------ Records for the task

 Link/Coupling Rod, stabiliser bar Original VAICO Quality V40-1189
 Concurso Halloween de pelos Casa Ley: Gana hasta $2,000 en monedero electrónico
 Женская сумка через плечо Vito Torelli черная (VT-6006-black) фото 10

------------
------ Records for the task

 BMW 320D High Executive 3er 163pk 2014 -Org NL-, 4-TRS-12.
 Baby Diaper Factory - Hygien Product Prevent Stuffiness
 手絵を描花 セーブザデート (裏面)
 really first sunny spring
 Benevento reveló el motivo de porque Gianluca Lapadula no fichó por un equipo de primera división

------------

Retype exactly the lines above, from the one with "Link/Coupling Rod, stabiliser" through the one with "Женская сумка через", inclusive.

### Completed task
 Link/Coupling Rod, stabiliser bar Original VAICO Quality V40-1189
 Concurso Halloween de pelos Casa Ley: Gana hasta $2,000 en monedero electrónico
 Женская сумка через плечо Vito Torelli черная (VT-6006-black) фото 10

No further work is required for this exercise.